── Exercise inputs ──

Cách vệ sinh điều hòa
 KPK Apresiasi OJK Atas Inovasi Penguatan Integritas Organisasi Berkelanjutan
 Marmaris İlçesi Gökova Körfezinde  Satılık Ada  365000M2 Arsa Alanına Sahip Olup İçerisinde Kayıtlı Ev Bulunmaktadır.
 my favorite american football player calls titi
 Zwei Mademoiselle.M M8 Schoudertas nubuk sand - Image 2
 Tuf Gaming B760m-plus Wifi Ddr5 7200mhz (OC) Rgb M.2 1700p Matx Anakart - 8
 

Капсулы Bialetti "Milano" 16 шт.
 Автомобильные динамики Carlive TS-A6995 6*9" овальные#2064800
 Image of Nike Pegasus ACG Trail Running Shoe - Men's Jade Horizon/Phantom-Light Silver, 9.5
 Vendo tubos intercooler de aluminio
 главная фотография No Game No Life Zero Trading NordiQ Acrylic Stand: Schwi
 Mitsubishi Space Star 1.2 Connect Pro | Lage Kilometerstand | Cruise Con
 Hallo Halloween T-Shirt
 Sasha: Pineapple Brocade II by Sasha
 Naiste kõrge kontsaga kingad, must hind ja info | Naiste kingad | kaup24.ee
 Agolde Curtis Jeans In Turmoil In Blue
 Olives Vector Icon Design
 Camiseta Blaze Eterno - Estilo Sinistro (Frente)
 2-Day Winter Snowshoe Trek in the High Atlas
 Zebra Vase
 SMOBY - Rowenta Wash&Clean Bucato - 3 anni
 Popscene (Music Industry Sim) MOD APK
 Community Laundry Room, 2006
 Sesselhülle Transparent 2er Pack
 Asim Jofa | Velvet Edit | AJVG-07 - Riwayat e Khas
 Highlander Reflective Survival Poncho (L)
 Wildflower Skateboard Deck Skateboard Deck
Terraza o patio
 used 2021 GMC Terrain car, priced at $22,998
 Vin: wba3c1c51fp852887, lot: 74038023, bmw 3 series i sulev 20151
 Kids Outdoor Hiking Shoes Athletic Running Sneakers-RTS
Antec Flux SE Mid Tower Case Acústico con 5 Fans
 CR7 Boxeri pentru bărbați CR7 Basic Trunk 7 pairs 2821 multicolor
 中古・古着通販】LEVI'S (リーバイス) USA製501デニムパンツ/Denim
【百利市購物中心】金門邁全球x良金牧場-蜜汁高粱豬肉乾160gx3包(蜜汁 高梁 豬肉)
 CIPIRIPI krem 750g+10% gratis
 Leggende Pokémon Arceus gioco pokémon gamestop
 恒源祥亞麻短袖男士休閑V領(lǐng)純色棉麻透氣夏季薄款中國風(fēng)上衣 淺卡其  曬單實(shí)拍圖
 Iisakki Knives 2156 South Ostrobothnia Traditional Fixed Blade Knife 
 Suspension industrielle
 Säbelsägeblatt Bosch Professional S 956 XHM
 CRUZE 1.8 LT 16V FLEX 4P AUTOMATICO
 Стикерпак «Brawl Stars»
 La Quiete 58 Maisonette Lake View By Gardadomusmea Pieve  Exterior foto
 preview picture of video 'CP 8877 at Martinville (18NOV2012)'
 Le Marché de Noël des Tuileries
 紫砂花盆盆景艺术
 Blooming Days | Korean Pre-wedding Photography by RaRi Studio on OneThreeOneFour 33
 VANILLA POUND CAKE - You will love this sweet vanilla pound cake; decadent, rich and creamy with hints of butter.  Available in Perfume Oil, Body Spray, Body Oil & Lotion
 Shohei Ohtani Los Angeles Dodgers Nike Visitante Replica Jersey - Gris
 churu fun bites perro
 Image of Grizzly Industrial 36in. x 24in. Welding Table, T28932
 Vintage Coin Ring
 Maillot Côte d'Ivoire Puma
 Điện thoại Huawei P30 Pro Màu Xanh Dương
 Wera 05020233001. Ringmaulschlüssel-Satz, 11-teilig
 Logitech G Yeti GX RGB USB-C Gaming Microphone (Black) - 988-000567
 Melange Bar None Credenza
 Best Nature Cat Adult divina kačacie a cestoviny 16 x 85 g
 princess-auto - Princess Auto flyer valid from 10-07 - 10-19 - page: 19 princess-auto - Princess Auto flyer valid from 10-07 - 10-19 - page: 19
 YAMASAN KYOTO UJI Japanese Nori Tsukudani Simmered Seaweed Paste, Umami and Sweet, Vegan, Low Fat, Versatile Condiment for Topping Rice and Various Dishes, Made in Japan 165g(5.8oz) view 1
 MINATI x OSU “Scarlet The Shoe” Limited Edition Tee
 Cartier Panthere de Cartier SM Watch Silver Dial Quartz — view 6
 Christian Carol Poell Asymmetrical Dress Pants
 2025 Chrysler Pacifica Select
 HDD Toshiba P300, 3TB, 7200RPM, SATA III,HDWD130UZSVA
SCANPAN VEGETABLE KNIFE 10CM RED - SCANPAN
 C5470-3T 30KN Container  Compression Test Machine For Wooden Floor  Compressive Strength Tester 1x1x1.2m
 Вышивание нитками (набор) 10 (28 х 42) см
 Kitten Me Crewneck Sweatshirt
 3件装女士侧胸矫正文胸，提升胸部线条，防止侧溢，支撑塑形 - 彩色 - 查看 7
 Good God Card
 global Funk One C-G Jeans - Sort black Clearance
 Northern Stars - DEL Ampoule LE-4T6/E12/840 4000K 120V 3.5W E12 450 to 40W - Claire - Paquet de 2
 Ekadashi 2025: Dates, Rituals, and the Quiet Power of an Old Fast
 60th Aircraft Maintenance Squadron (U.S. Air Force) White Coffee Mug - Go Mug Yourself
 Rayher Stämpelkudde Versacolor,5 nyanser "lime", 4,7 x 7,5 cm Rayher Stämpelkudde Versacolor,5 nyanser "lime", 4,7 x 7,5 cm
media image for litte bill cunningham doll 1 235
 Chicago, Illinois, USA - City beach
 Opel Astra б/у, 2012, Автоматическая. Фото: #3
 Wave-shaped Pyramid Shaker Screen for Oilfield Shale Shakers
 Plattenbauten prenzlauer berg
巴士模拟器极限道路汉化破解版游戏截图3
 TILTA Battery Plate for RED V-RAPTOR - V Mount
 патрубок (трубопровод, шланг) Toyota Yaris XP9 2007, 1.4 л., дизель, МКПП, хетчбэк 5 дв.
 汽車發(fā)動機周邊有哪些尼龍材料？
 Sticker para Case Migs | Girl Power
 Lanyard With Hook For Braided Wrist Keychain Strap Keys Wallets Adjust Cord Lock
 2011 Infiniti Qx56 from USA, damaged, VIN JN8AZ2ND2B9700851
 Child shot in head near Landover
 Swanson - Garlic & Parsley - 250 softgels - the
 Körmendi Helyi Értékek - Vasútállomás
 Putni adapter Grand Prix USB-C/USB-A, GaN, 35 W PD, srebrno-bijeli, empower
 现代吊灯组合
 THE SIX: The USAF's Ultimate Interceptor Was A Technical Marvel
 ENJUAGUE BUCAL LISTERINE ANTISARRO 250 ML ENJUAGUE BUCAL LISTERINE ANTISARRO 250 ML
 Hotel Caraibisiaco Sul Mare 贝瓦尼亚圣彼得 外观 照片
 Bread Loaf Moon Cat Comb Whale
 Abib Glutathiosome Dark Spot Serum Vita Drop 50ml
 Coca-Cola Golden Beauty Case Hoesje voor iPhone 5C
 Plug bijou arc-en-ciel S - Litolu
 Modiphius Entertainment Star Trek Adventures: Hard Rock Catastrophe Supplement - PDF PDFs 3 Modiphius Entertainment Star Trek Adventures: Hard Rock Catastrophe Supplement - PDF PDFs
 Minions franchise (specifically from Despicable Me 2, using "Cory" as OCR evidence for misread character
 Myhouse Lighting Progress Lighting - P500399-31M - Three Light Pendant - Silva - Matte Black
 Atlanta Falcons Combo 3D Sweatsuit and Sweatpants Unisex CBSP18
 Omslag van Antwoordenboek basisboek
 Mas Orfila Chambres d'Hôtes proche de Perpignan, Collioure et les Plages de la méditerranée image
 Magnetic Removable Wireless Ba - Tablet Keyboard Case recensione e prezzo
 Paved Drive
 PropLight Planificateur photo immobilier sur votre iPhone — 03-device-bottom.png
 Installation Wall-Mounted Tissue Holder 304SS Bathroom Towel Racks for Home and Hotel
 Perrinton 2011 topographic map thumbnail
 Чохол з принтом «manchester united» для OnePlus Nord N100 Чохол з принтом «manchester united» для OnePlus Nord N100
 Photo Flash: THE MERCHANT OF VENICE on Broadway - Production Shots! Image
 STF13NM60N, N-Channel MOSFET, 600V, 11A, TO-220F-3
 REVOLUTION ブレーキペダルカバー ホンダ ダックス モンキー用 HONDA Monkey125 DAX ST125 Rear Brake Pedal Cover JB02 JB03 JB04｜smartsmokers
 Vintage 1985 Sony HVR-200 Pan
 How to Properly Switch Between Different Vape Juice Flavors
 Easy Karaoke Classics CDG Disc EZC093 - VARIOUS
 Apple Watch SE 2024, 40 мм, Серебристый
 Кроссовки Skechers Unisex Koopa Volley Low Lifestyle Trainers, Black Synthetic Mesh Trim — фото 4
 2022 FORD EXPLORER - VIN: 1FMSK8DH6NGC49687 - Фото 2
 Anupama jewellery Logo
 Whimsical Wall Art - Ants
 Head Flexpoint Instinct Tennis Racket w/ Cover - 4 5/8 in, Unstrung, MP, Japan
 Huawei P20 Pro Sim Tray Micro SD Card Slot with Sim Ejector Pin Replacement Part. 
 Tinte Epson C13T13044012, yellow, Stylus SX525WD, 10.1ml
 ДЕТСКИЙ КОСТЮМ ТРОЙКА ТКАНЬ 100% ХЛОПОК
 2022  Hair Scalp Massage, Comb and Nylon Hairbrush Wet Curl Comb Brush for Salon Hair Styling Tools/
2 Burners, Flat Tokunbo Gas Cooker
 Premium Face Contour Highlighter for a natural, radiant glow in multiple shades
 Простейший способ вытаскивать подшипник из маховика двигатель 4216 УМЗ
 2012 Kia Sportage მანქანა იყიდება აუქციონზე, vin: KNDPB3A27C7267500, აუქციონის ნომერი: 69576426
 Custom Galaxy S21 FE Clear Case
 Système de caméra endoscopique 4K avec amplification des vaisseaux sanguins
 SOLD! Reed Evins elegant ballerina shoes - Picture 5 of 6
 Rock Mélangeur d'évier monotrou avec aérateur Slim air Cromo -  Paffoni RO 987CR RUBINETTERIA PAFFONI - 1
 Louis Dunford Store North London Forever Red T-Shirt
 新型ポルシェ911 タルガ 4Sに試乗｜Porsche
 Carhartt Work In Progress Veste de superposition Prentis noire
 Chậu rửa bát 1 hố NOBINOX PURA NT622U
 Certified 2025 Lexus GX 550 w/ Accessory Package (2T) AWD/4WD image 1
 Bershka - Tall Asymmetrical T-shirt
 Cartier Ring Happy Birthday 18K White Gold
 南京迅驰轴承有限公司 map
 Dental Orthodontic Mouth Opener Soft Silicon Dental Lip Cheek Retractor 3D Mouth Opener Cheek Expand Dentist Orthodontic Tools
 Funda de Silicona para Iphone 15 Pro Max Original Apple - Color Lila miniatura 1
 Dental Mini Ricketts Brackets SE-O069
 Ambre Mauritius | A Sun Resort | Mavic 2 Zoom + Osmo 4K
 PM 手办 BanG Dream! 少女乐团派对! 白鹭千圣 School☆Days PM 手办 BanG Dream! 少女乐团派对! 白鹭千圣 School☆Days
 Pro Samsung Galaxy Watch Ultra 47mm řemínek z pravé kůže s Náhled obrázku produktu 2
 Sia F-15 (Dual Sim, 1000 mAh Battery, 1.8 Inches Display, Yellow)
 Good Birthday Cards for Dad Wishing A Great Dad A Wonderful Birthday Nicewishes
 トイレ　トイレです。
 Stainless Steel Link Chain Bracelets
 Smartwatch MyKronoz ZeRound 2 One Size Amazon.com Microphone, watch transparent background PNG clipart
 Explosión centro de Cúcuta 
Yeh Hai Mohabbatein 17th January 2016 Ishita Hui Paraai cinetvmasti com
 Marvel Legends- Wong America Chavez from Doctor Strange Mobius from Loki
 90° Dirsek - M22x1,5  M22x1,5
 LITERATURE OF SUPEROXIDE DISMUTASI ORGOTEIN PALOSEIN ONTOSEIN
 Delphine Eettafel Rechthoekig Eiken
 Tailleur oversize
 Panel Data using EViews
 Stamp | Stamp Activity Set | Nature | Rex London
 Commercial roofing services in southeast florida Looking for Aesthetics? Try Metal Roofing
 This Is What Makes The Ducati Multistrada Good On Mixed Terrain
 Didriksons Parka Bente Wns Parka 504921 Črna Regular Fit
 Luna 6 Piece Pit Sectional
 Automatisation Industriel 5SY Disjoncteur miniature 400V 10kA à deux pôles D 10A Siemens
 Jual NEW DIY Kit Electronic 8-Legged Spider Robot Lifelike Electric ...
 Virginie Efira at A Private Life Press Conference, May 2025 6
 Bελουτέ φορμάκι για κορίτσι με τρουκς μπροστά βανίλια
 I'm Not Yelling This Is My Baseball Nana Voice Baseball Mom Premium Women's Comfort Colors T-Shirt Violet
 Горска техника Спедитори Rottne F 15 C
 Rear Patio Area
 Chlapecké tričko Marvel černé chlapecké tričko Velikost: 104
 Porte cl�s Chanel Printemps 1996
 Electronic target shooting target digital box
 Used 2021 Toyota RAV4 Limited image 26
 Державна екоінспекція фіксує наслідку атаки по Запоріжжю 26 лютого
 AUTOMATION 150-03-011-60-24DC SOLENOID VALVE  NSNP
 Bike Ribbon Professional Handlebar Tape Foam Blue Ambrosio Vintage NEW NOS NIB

───

• [Problem description] Please reproduce exactly the lines above, beginning with the first and ending with the line that contains "Tuf Gaming B760m-plus", and include nothing outside that range.

• [Result]
Cách vệ sinh điều hòa
 KPK Apresiasi OJK Atas Inovasi Penguatan Integritas Organisasi Berkelanjutan
 Marmaris İlçesi Gökova Körfezinde  Satılık Ada  365000M2 Arsa Alanına Sahip Olup İçerisinde Kayıtlı Ev Bulunmaktadır.
 my favorite american football player calls titi
 Zwei Mademoiselle.M M8 Schoudertas nubuk sand - Image 2
 Tuf Gaming B760m-plus Wifi Ddr5 7200mhz (OC) Rgb M.2 1700p Matx Anakart - 8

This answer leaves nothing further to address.